The Adshitment Bureau

Have you ever been in love, but men in fedoras keep trying to break you two crazy kids up? Also, have you ever had spiders crawl all over your face and THEY JUST WON'T COME OFF NO MATTER HOW MUCH YOU CLAW CLAW CLAW?

Well... er... you're in luck! Because today's Movie Minute is a time-waster that will adjust your bureau. And fix your armoire. And throw away your chafing dish.

"These Brooks Brothers suits are awesome for running the streets with!"

Our tale begins with Matt Damon playing a young feller who energizes the polity and almost wins high office before his ass appears on TMZ. Ha ha, keep hacking the kernel, boys!

"Vote for me and there will be abortions for all!"

It turns out that his hackneyed West-Wing-cutting-floor life is being closely monitored by The Man, who happens to be The Men, who in turn are The Men with Fedoras, a rightfully obscure band from the eighties.

 "I swear to God if I have to go over this
dance routine one more time I'm going to scream."

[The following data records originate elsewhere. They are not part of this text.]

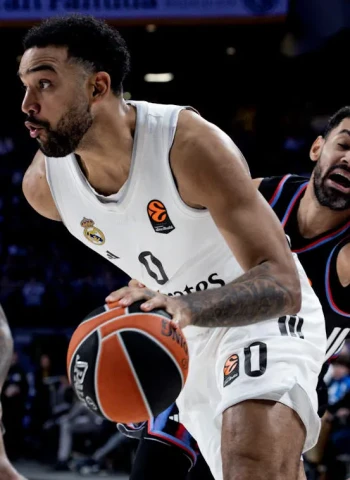 EuroLeague | El Real Madrid pone a prueba su racha en la pista de París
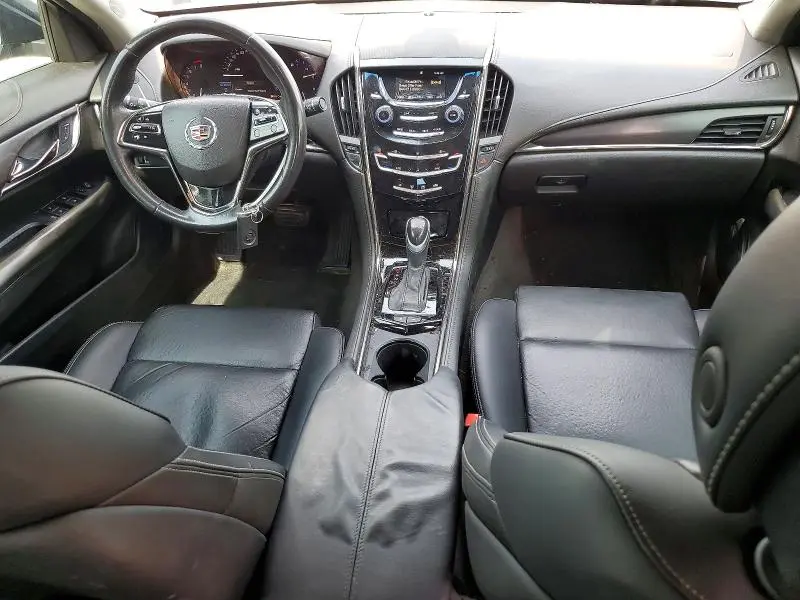 2014 CADILLAC ATS   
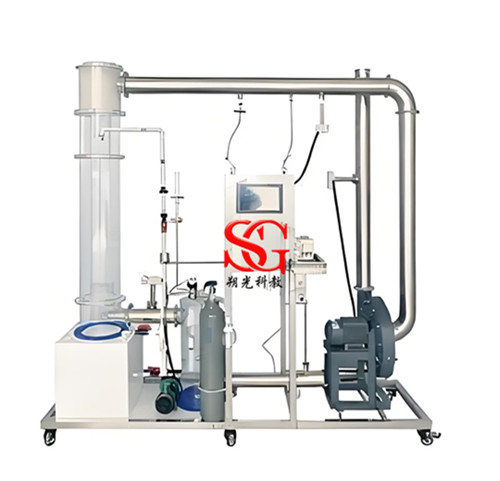 SGHJ-560 喷淋式气体吸收塔装置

Damon has a meet-cute with Emily Blunt when they find out they're both on Friendster.

"See? Press 'Add' and we'll be friend... sters!" 
"Yahoo! I mean, Friendster!"

The movie explores the idea of how God has a plan for all of us. And that plan consists of taking the M6 and getting a transfer for the 51 before the 9 arrives. True fact: God is very boring.

"Crosstown is an extra transfer. Don't make us tell you again."

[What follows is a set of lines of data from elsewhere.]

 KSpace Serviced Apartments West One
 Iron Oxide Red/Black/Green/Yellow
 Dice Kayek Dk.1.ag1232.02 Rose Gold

Damon decides that bumping bacons with a pretty girl is more important than being president. He's apparently never researched the presidency of Clinton. Or JFK. Or Harding. (They didn't call him Softing, folks.)

"Are my eyes more moony or dreamy? ANSWER ME DAMNIT"

The Bureau sits Damon down and explains that they made the Roman Empire and the Renaissance happen, but they refuse to take the blame for Yoko Ono.

"Well? Are you going to go potty or not? (It's part of your training.)"

In the end, Damon must choose between love and power. He chooses love, because he's idiot.

"You're right, the M42 is faster in rush hour, but the 32 has less smell."

Remember to vote this Thursday, people!